In the Printing division, HP reported a revenue decline of 6 percent year-on-year to $4.575 billion. Supplies shrank 9 percent to $2.814 billion, commercial was down 3 percent to $1.035 billion and consumer was up 1 percent to $725 million.
Despite the revenue drop, HP reported net profit of $1.119 billion compared to $1.108 billion a year ago. This was helped by a $500m plus reduction in total costs and expenses as well as a shift to higher margin computing gear.
In recent months tech vendors from Microsoft, to Cisco, Google and others have sought to pause hiring in certain areas and asked staff to be mindful of business expenses. In recent weeks, a raft of companies including Salesforce, Workday, ServiceNow and Dell have talked of a spending slowdown among enterprise customers.
Lores said on the call: “Looking ahead, the macroeconomic environment remains challenging. Consumer softness is likely to continue in the near term. We also see some companies taking a more measured approach to their spending and new orders showing signs of softening demand in commercial categories. And although we have made significant progress on supply chain, some shortages remain.”
As such HP has clipped its profit forecast for the year to between $4.02 to $4.12 per share from the prior forecast of $4.24 to $4.38 per share.
“While we cannot control how the economic situation evolves in the coming months, there are some very clear actions we can take to mitigate the impact of near-term headwinds and drive continued progress against our long-term growth strategy,” said Lores.
This recovery plan includes steering clear of pricing wars with competitors, concentrating on “pockets” of profitable growth, reducing variable spending and ““accelerating our Digital transformation” internally.
“We have already met or exceeded many of our objectives in our current transformation plan. And we’re in the process of finalizing the foundation for a new multiyear transformation program that we plan to share with you during our Q4 call,” the CEO said.
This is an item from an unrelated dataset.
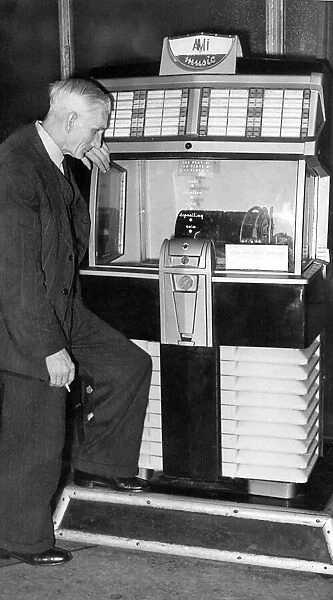 A state of the art juke box in September 1955. 28  /  09  /  55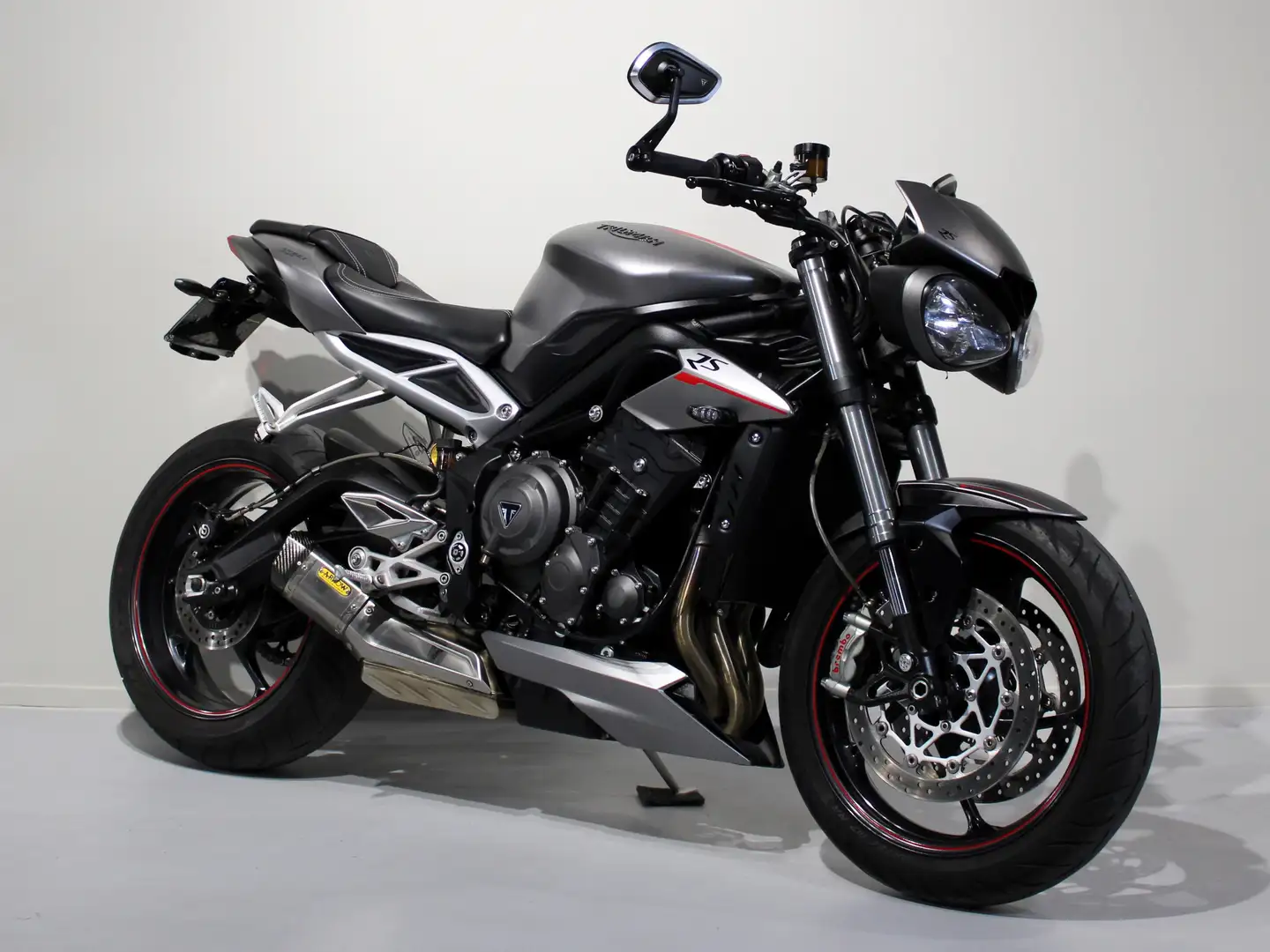 Triumph Street Triple RS - 2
The current phase started in late 2019 following the appointment of Lores, and included laying off 16 percent of 55,000-strong workforce.
One thing that won’t change for HP is the payday for shareholders: “We are maintaining our capital allocation strategy,” said Lores. “In Q3, we returned $1.3 billion to shareholders, and we expect to exceed our commitment to return $16 billion to shareholders as part of our value creation plan. These are the right areas of focus regardless of the macro environment.”